I have this data that have these columns: goal for, goal against, and scorers. In one observation, cell in scorers column might have multiple scorers such as: "Tammy Abraham (34), Zaniolo (90)". How should I count each scorers goal at every match for the whole dataframe? To illustrate:
#create reprex to ask about goalscorer tally
gf <- c(5,4,0,0,1)
ga <- c(3,3,0,2,0)
scorer <- c("a,b,c,d,e","a,b,c,d", NA, NA,"e")
dat <- data.frame(gf,ga,scorer)
This is what the sample looks like:
gf ga scorer
1 5 3 a,b,c,d,e
2 4 3 a,b,c,d
3 0 0 <NA>
4 0 2 <NA>
5 1 0 e
Would anyone help? Also, is this reprex, enough?
I only put the goal for and goal against here in the example, but in the actual data, there are many more observations like formation, weather, competition etc. Is it possible to say that scorer a tends to score in a low scoring match in wet condition on 4-4-2 formation? Something like that. But the problem is, the scorer a is found together with other scorers in the scorer column.
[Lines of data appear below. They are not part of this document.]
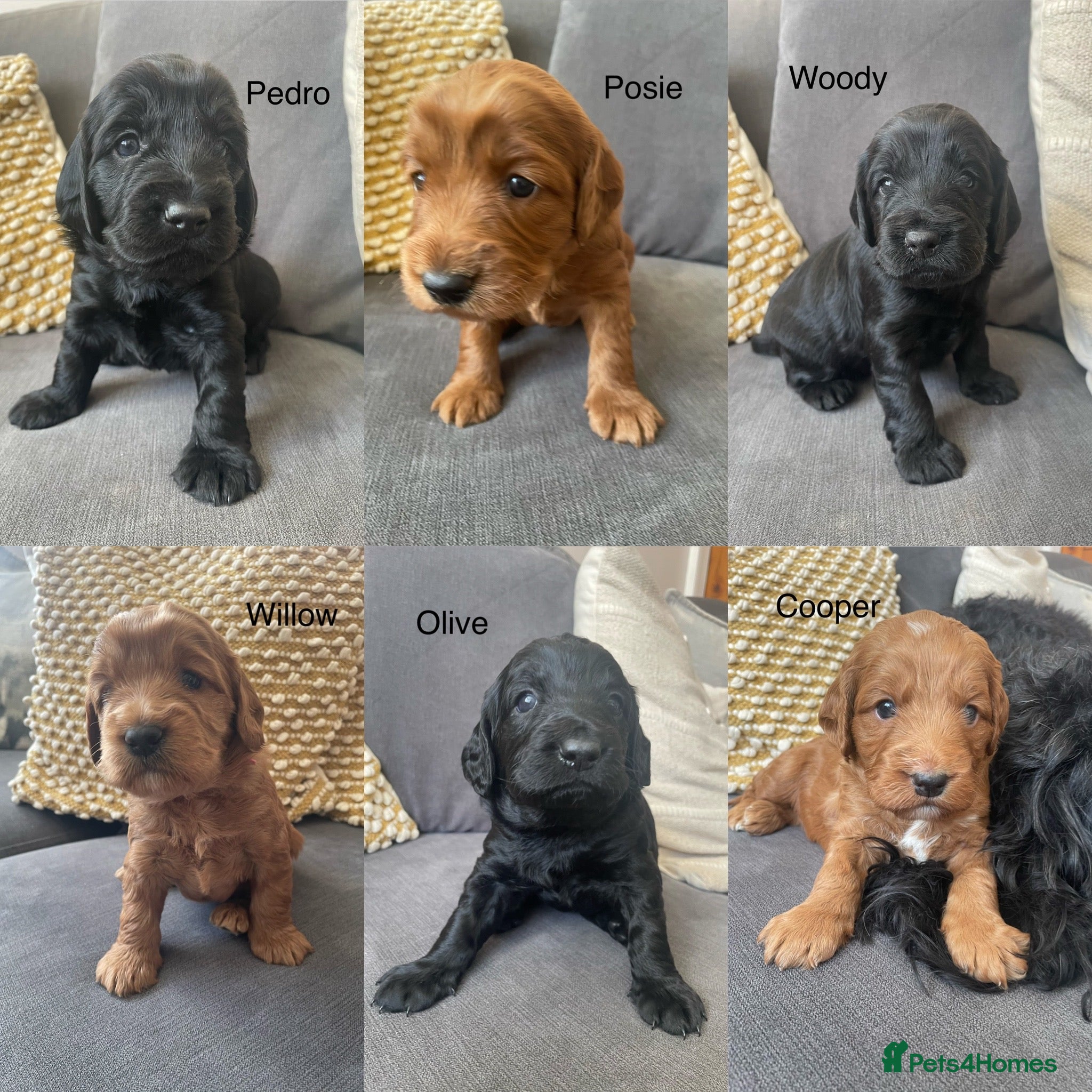 Mixed Breed dogs Beautiful litter of rare cockapoo Doodle/redsetter - Advert 1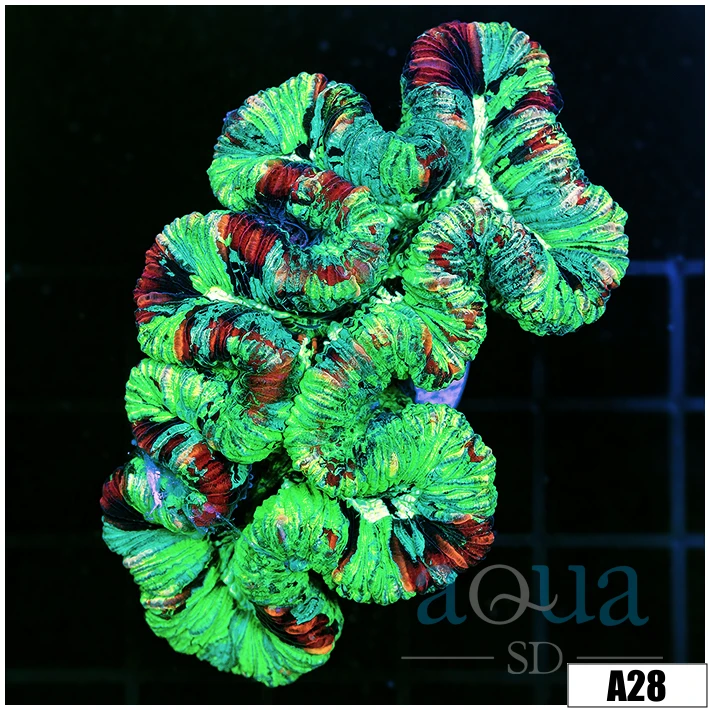 Neon Splatter Trachy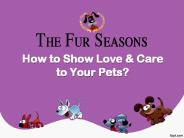 How to Show Love & Care to Your Pets?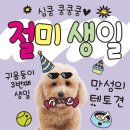 이벤트 - 목포시 차범석길 41 | 이벤트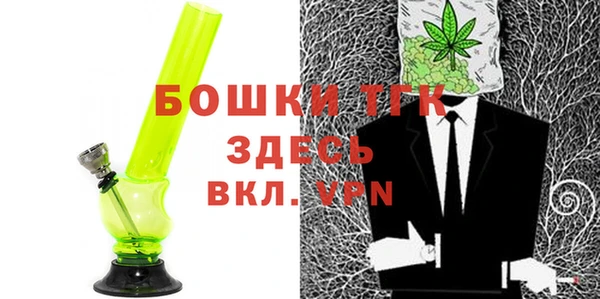 индика Инсар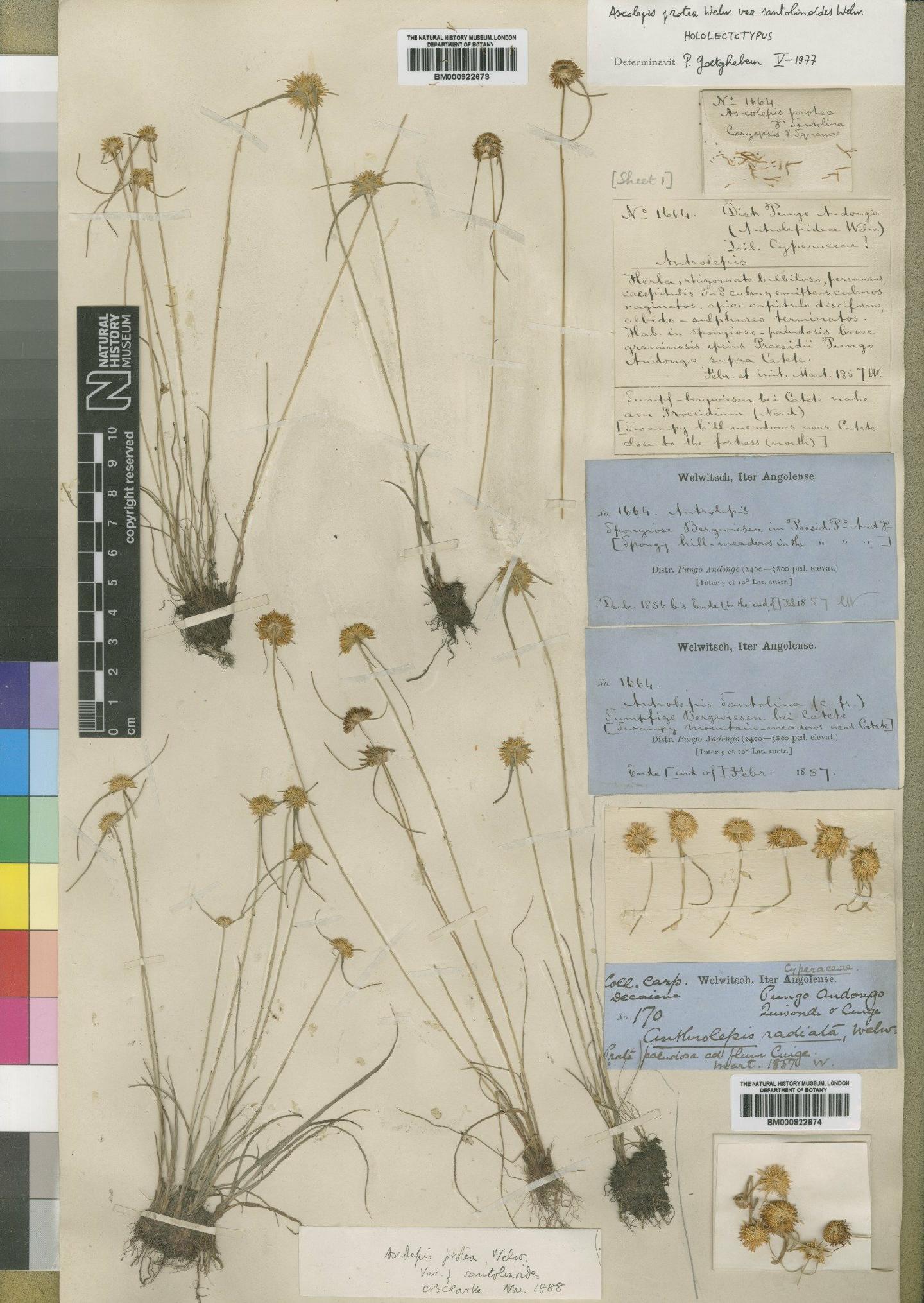 To the Natural History Museum, London (Ascolepis protea var. bellidiflora Welw. BM000922674 type 1)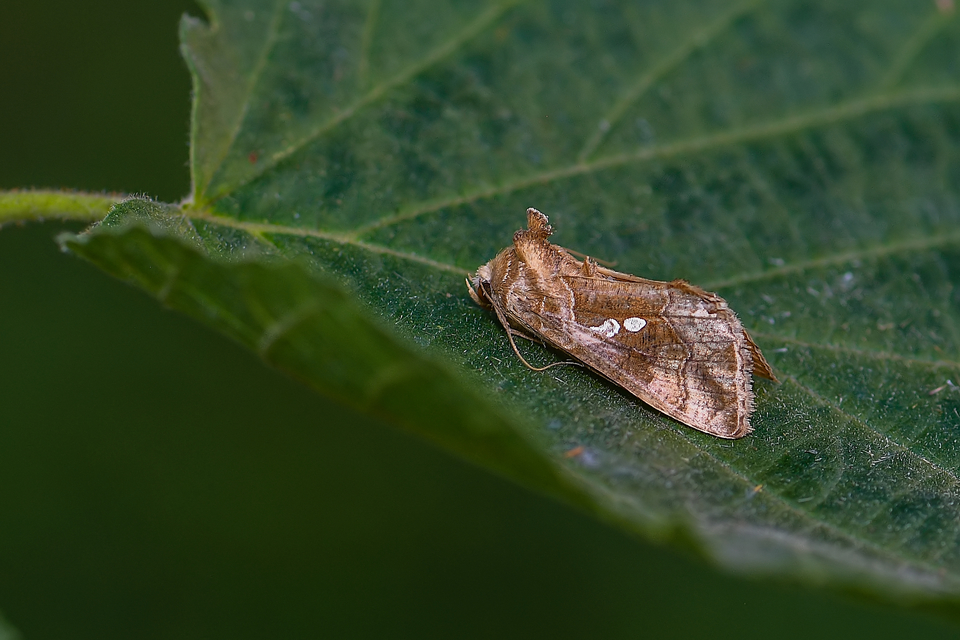Chrysodeixis chalcites - déli aranybagoly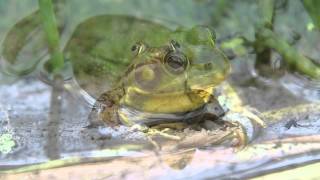 Green frogs  Lithobates clamitans HD [upl. by Eidnew]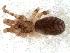  ( - WAM-T54202)  @11 [ ] Copyright (2014) Ivan L.F. Magalhaes Museo Argentino de Ciencias Naturales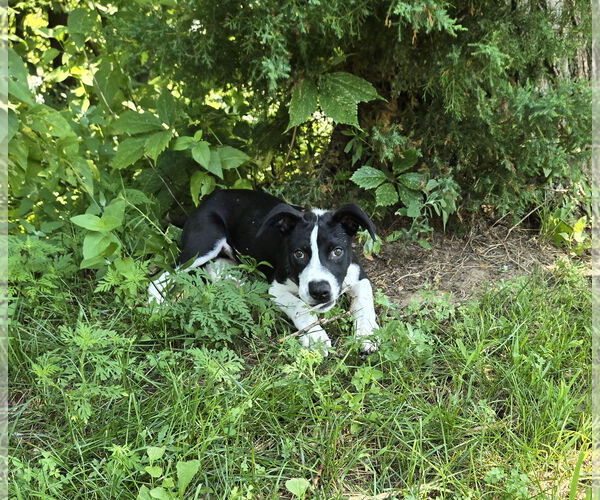 Medium Photo #2 Labrador Retriever-Unknown Mix Puppy For Sale in Montello, WI, USA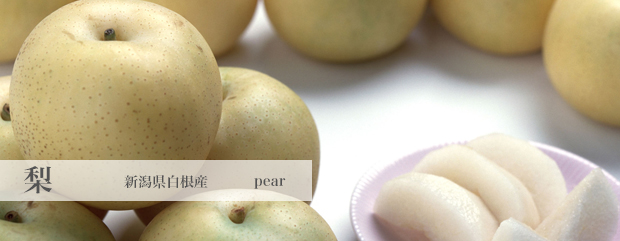 梨 pear 新潟県白根産
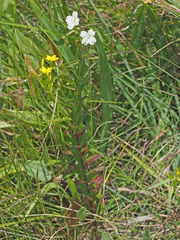 Epilobium salignum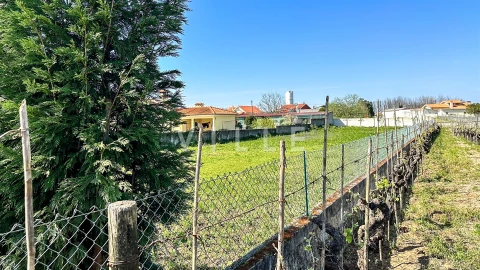 Terreno para Venda em Oliveira do Bairro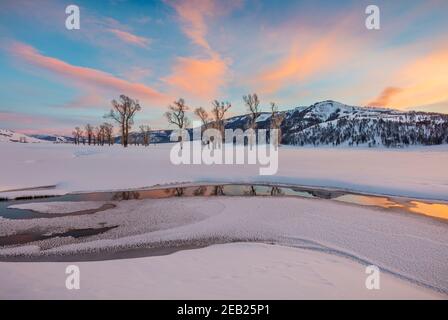 Parco nazionale di Yellowstone, Wyoming: Nuvole colorate e boschi di cotoni riflessi nel fiume Lamar al tramonto nella valle di Lamar con Amethyst Peak in t Foto Stock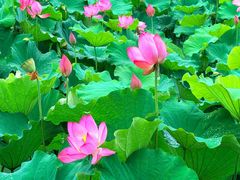 -陈家山荷花公园
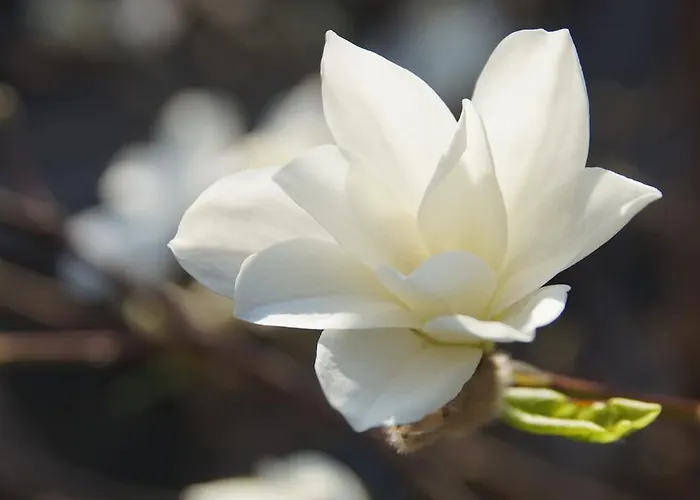 Namelis Prie Magnolijos Druskieniki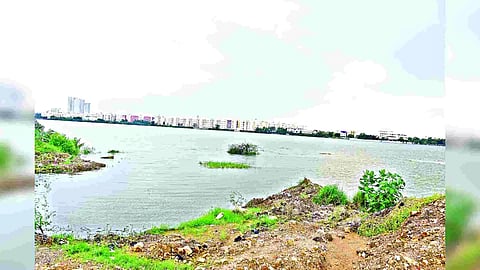 Pallikaranai Marshland
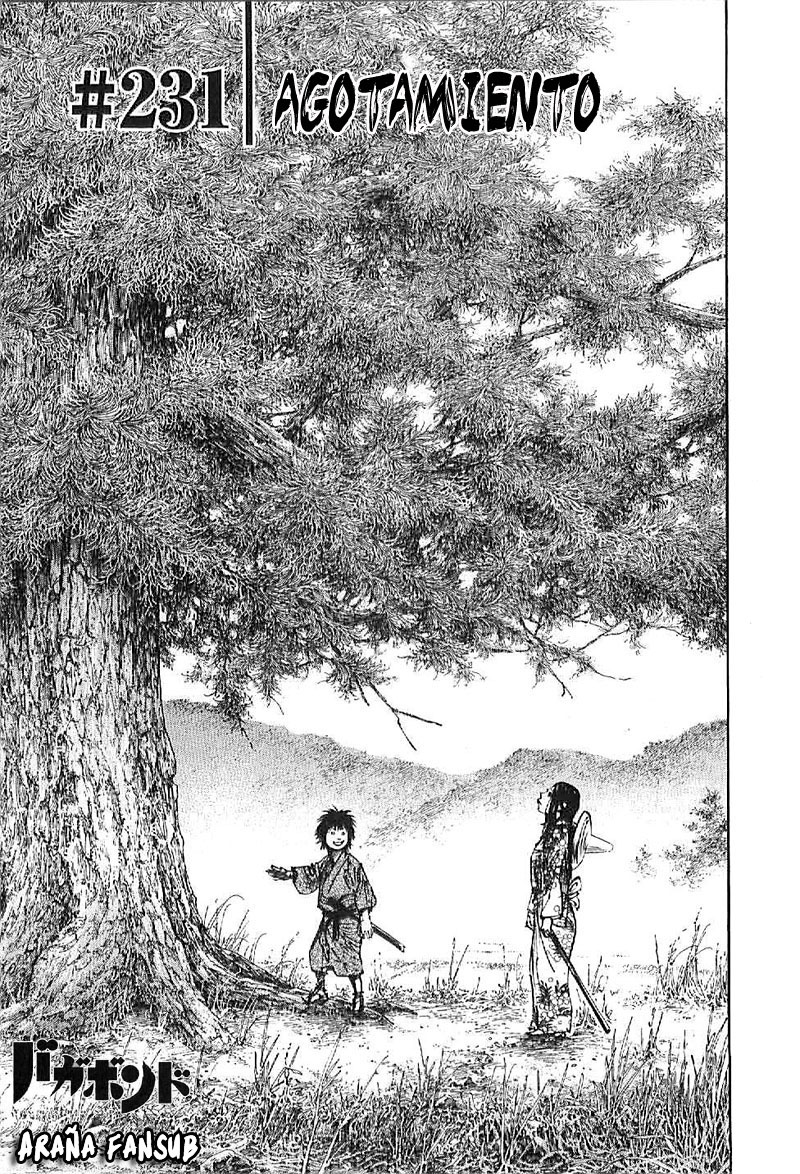 Read Vagabond (es) Manga Online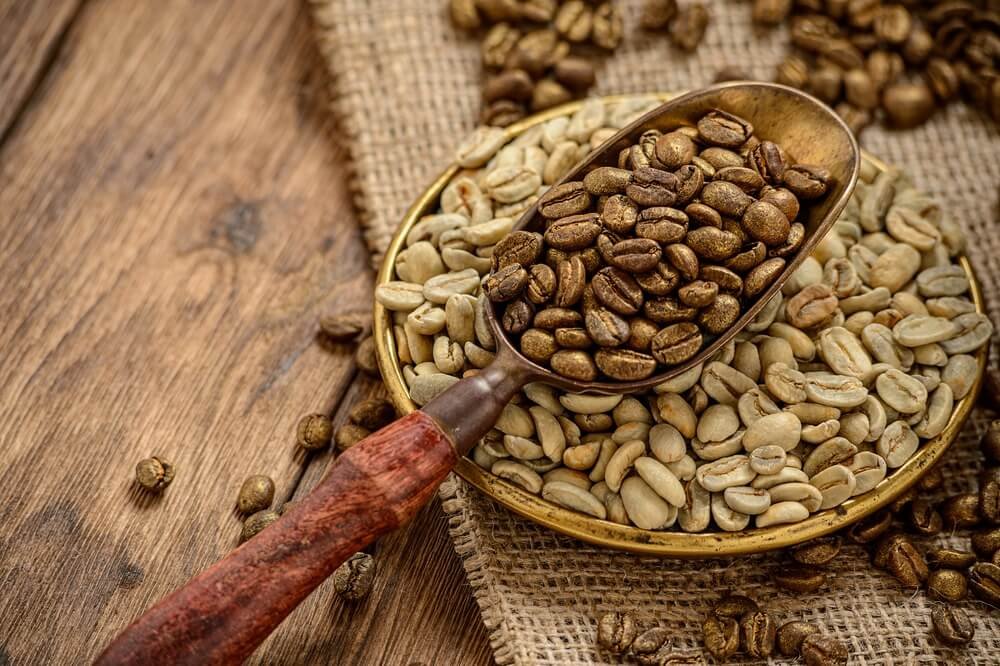 Café Harrar Etiopía: Guía completa del café Harrar etíope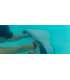 ASIWO Manta 2 — Scooter Submarino 15 kgs
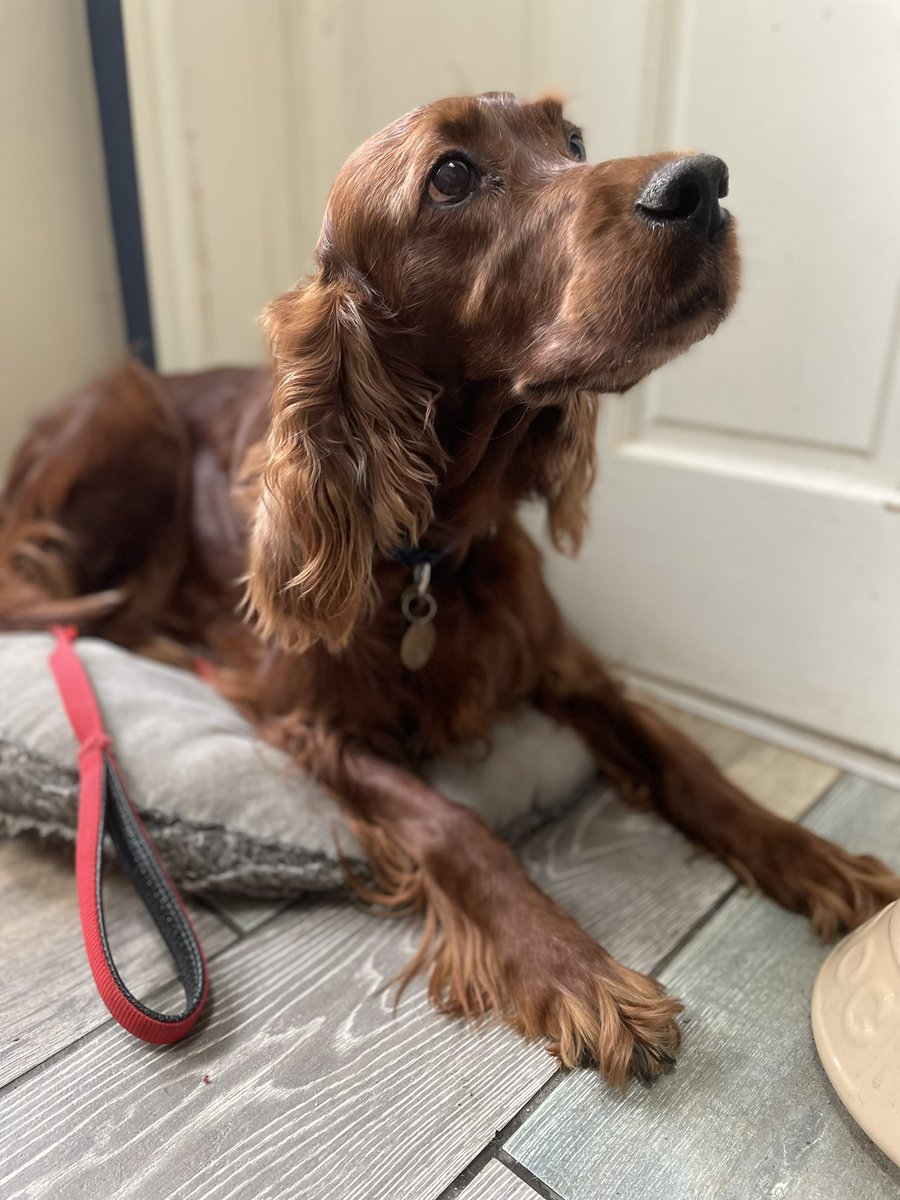 funusual's tweet image. Was up at 4 this morning to see off Tony and these two darlings to #Crufts It’s Gundog day - the best day. Photos taken yesterday before their trip to the groomers. Tempted to go back to bed for a bit
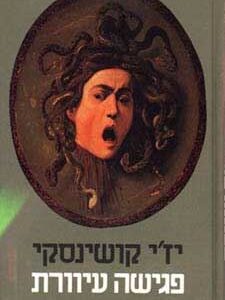 פגישה עיוורת
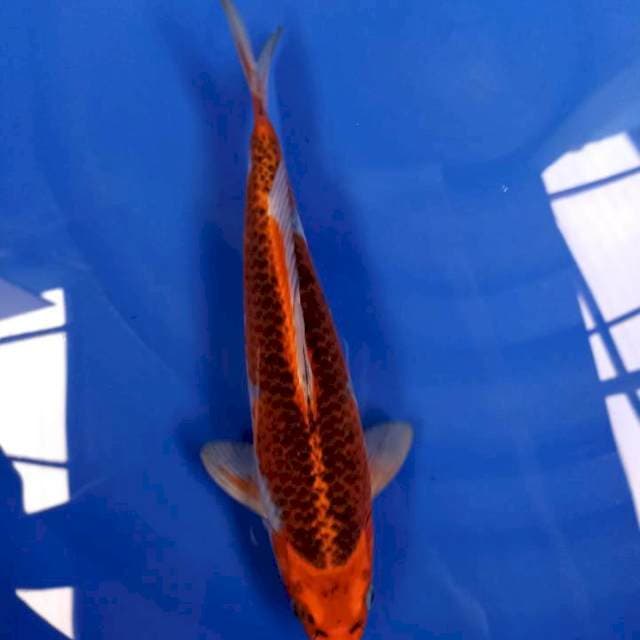 Gosiki 30 cm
CodePudding user response:
A tidyverse approach. You may want to strsplit
the scorer
string into a list and then unnest
the list:
library(dplyr)
library(tidyr)
dat |>
mutate(scorer = strsplit(scorer, ",")) |>
unnest(cols = c(scorer))
# A tibble: 12 × 3
gf ga scorer
<dbl> <dbl> <chr>
1 5 3 a
2 5 3 b
3 5 3 c
4 5 3 d
5 5 3 e
6 4 3 a
7 4 3 b
8 4 3 c
9 4 3 d
10 0 0 NA
11 0 2 NA
12 1 0 e
CodePudding user response:
Counting the number of goals per scorer and game:
library(dplyr)
library(tidyr)
dat %>%
# make match ID:
mutate(match_ID = row_number()) %>%
# split `scorer`:
separate_rows(scorer) %>%
# remove rows where `scorer` is `NA`:
filter(!is.na(scorer)) %>%
# group by:
group_by(match_ID,scorer) %>%
# count number of goals per match:
summarise(N_goals = n())
# A tibble: 10 × 3
# Groups: match_ID [3]
match_ID scorer N_goals
<int> <chr> <int>
1 1 a 1
2 1 b 1
3 1 c 1
4 1 d 1
5 1 e 1
6 2 a 1
7 2 b 1
8 2 c 1
9 2 d 1
10 5 e 1